PARIS: Le premier projet de crédit carbone dans le cadre de l'accord de Paris a reçu le feu vert de l'ONU jeudi, un mécanisme pour aider les pays riches à tenir leurs engagements climatiques mais critiqué pour les risques d'écoblanchiment.

L'accord de Paris, moteur de la coopération climatique mondiale adopté en 2015, prévoit qu'un pays qui dépasserait ses objectifs de baisse des émissions de CO2 puisse vendre son excès de réductions à un pays en retard sur ses propres objectifs, en général un pays riche.

Ce pays a désormais le droit, dans le cadre de l'accord de Paris, de réduire, sur le papier, le total de ses propres émissions de gaz à effet de serre, grâce à ces crédits carbone.

Concrètement, une entreprise sud-coréenne va financer un programme de remplacement de foyers de cuisson ouverts (bois, charbon de bois, etc.) par des foyers plus économes en combustibles en Birmanie, a annoncé l'ONU Climat jeudi.

De tels projets sont censés réduire les émissions de CO2 puisque moins d'énergie sera perdue et donc utilisée par les familles pour cuisiner, avec un bénéfice additionnel pour la qualité de l'air et pour protéger les forêts locales.

Selon l'Organisation mondiale de la santé, environ un quart de la population mondiale cuisine avec des foyers ouverts qui polluent l'air intérieur et extérieur en brûlant des combustibles tels que kérosène, charbon de bois, bouses séchées et déchets agricoles.

Mais ces programmes ont historiquement échoué à tenir leurs promesses, les méthodologies ayant surestimé les réductions d'émissions, notamment dans le cas où les populations délaissent les nouveaux systèmes parce qu'ils les trouvent moins pratiques, ou s'ils se cassent.

La Corée du Sud va, en payant pour ce programme de remplacement, bénéficier de crédits carbone, qui aideront à réduire le total de son empreinte carbone.

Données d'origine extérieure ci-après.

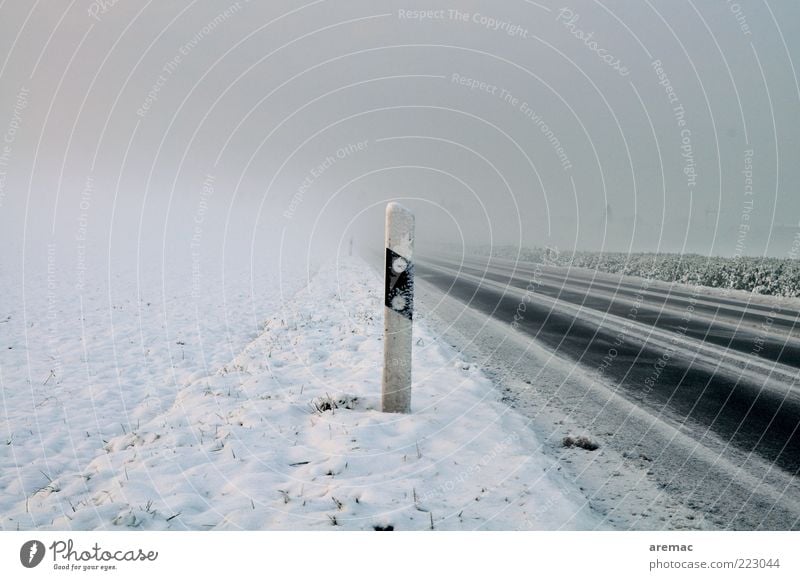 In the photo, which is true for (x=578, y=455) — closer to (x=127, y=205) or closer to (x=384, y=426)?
(x=384, y=426)

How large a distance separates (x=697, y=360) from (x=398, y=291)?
4.03 metres

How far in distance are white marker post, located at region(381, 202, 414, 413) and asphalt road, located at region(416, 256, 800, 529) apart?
1.65 m

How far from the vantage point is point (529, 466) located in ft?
9.18

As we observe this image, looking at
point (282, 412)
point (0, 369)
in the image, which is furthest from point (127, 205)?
point (282, 412)

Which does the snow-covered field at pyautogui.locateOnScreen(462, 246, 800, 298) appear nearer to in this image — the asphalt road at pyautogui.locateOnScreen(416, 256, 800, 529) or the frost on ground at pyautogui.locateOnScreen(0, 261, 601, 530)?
the asphalt road at pyautogui.locateOnScreen(416, 256, 800, 529)

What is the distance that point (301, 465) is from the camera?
2.93 metres

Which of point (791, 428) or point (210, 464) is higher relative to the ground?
point (791, 428)

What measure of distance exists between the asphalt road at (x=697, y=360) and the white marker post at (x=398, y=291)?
5.42ft

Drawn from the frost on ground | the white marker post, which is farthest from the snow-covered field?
the white marker post

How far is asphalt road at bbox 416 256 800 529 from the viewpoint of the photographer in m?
3.04

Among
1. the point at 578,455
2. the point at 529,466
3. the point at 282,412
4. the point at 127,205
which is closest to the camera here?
the point at 529,466

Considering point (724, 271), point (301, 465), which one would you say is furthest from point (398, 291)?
point (724, 271) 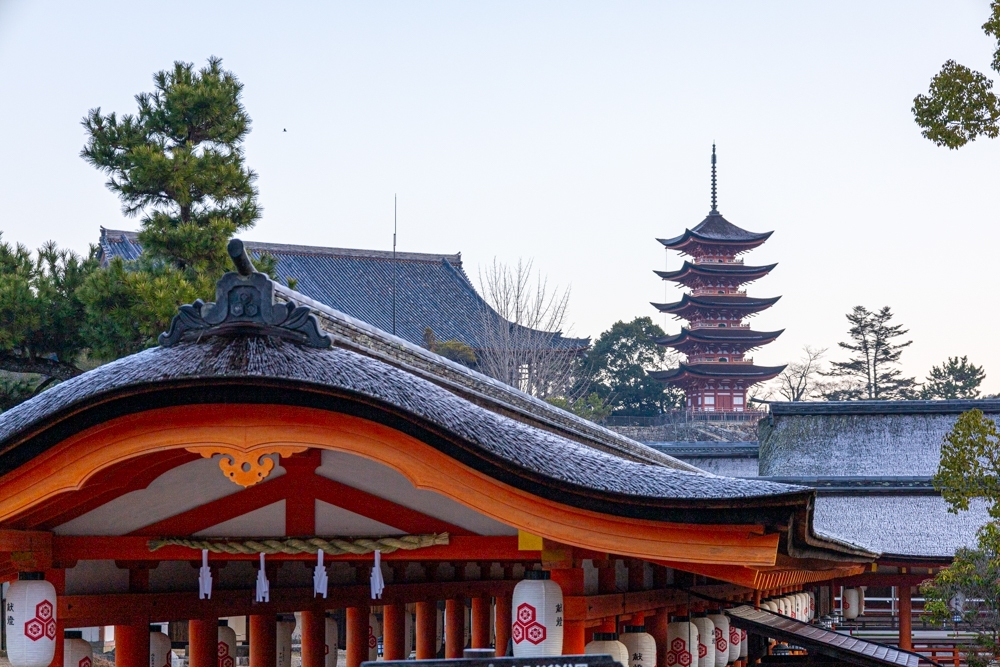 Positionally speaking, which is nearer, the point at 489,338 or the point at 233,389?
the point at 233,389

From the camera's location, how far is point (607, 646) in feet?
22.0

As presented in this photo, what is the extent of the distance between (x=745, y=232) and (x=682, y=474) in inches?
2209

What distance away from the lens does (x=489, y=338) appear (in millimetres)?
44031

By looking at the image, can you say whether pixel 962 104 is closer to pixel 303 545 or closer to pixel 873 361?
pixel 303 545

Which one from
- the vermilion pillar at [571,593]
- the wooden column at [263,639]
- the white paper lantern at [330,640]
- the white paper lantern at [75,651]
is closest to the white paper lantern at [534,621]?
the vermilion pillar at [571,593]

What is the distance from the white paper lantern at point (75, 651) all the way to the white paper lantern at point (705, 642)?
4297 mm

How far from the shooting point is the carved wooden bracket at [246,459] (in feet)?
17.3

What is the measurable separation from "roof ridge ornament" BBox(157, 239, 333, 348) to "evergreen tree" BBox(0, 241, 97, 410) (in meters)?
12.2

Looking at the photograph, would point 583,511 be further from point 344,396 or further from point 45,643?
point 45,643

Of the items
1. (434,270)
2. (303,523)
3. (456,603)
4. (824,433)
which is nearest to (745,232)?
(434,270)

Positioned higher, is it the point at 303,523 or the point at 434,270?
the point at 434,270

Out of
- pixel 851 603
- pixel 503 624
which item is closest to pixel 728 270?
pixel 851 603

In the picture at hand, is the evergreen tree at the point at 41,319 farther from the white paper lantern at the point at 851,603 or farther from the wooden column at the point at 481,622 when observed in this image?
the white paper lantern at the point at 851,603

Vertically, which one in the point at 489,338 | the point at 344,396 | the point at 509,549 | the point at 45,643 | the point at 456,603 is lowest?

Le mécanisme onusien évite un double comptage de ces réductions dans les pays vendeurs et acheteurs des crédits.

"Les opportunités offertes par ce marché carbone des Nations Unies dans toutes les régions sont immenses, en particulier maintenant que des mesures de protection environnementale solides, des normes rigoureuses et un système de recours clair sont en place pour garantir l'intégrité, l'inclusivité et l'efficacité", s'est félicité le chef de l'ONU Climat, Simon Stiell.

Au-delà des problèmes de comptage, les détracteurs du mécanisme de crédit carbone dénoncent un passe-droit donné à certains pour ne pas réduire leurs propres émissions, puisqu'il leur suffirait de payer pour se dire en ligne avec l'accord de Paris.

Ce nouveau mécanisme a été validé par les pays du monde entier à la COP29 en 2024, et des centaines d'autres projets attendent d'être approuvés.